Professor Vincent Marks, a world-renowned insulin poisoning expert, told me at the time that hypoglycaemia in non-diabetics was much more common than first thought.

We also uncovered evidence of other similar cases of hypoglycaemia which occurred in the hospital where Norris worked but while he was off duty.

The programme's evidence suggested there could have been natural reasons for the deaths.

Norris's lawyer believes the cases used against Norris were "cherry-picked' by police. The evidence was submitted to the CCRC.

Now, a new book - The Case of Colin Norris - has uncovered further evidence. It has been co-written by the producer on the programme Louise Shorter and veteran miscarriage campaigner Paul May, and published by miscarriage group Inside Justice.
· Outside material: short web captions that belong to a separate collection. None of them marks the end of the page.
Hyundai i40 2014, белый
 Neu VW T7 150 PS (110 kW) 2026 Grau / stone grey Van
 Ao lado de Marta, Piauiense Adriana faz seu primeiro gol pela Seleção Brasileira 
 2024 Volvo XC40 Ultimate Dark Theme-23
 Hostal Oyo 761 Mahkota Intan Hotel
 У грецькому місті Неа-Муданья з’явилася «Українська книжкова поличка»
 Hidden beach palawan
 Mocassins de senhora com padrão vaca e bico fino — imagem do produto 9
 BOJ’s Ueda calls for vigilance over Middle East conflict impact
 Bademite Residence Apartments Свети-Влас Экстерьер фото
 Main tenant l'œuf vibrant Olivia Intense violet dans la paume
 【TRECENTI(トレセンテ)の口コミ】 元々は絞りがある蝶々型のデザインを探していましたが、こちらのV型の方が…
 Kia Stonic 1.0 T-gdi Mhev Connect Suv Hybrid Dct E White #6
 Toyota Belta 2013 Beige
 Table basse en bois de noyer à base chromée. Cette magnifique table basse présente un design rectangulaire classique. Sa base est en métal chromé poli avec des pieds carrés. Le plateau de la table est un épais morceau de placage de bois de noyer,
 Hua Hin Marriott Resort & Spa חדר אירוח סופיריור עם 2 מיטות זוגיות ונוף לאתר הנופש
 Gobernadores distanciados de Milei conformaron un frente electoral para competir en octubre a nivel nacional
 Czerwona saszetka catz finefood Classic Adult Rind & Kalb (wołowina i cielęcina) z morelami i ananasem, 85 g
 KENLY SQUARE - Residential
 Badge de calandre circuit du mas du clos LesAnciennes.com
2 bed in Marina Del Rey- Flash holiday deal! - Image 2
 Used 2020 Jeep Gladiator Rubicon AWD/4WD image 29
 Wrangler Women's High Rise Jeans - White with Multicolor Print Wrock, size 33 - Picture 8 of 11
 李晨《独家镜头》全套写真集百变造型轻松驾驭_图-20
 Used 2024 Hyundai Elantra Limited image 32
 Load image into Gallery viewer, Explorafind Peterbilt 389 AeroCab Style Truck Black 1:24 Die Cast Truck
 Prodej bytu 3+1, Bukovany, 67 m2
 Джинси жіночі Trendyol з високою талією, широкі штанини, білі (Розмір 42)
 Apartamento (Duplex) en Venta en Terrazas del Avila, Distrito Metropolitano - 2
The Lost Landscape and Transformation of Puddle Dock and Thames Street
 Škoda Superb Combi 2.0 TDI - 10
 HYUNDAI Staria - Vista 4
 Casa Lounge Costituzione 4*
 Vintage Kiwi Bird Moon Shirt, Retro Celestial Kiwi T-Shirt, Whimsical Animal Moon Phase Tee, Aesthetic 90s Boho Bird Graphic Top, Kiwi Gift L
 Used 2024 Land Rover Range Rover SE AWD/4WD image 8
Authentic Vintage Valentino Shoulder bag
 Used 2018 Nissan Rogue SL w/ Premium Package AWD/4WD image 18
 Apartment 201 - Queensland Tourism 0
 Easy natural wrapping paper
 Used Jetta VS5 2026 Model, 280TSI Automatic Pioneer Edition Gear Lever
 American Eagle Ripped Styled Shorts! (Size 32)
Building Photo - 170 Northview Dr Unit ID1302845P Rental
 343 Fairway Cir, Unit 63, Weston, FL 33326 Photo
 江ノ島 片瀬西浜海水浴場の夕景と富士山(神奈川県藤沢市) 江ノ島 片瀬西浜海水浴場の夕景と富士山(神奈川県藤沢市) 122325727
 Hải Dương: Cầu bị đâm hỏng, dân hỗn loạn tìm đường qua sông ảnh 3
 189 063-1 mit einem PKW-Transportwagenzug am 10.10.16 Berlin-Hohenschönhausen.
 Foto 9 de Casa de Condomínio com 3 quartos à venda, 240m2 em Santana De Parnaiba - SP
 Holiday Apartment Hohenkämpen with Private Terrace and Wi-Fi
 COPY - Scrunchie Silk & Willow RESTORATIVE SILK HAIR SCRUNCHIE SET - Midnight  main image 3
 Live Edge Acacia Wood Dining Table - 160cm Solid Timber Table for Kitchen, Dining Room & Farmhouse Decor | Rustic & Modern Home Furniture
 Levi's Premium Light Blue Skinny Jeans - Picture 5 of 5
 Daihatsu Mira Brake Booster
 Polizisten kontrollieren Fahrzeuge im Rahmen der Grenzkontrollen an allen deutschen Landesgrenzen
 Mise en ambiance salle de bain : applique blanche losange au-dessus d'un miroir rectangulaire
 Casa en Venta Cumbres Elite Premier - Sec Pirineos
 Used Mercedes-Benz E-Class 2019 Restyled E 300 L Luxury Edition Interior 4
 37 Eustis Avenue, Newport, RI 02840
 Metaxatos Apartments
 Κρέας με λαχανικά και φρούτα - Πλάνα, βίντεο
The new evidence comes from the geriatric medicine department at Rotherham General Hospital and the Bedfordshire and Hertfordshire postgraduate medical school, which has published a review that concludes "hypoglycaemia is not uncommon in hospitalised non-diabetic older people" with other serious conditions.

June Morrison, Norris's mother, has campaigned tirelessly on behalf of her son, and now hopes the fresh evidence will result in the case being sent to the appeal court.

She told me: "People say I brought up a monster. But if I had the least bit of doubt about his innocence I wouldn't be doing what I'm doing.

"I do believe the system will eventually prove there has been a victim of a miscarriage of justice. I do believe that will happen. I've got to believe that."

Science 'flawed'

Paul May, who has worked on some of the biggest miscarriages-of-justice cases in recent times, said: "I chaired the London-based campaign for the Birmingham Six. At the time of their arrest, police said to them 'it's not us, it's the scientists' who stated that some of the Six handled explosives.

"Three decades later, officers used virtually the same words to Colin Norris when claiming he murdered patients in his care with insulin.

"In both cases, the science was flawed. In both cases, the jury was persuaded to deliver guilty verdicts on the basis of erroneous expert evidence."

Former Rough Justice producer Louise Shorter said: "There is no direct evidence that Colin Norris, who before this had not so much as stepped into a police station, hurt anyone.

"The trial was created out of one inadequate blood test from which a case, based on a medical fallacy, was built.

"We now know the medical evidence at trial was wrong. We hope the CCRC will refer his case back to the Court of Appeal before Colin loses too much more of his life."

'Grave doubt'

West Yorkshire Police told the BBC in 2011: "Norris was arrested, prosecuted and on the basis of the evidence presented to the court he was convicted and sentenced."

Norris's campaign team hopes the CCRC will report on his case before the end of the year and refer the case to the appeal court.

From my own perspective, having investigated miscarriage cases for more than a decade - this is one of the most troubling cases I have ever seen.

The central plank of the prosecution is that hypoglycaemia in non-diabetic cases is so rare as to be highly suspicious. The science now casts grave doubt on that claim.

If that plank disappears - the case against Norris is based on very little indeed and must be looked at again.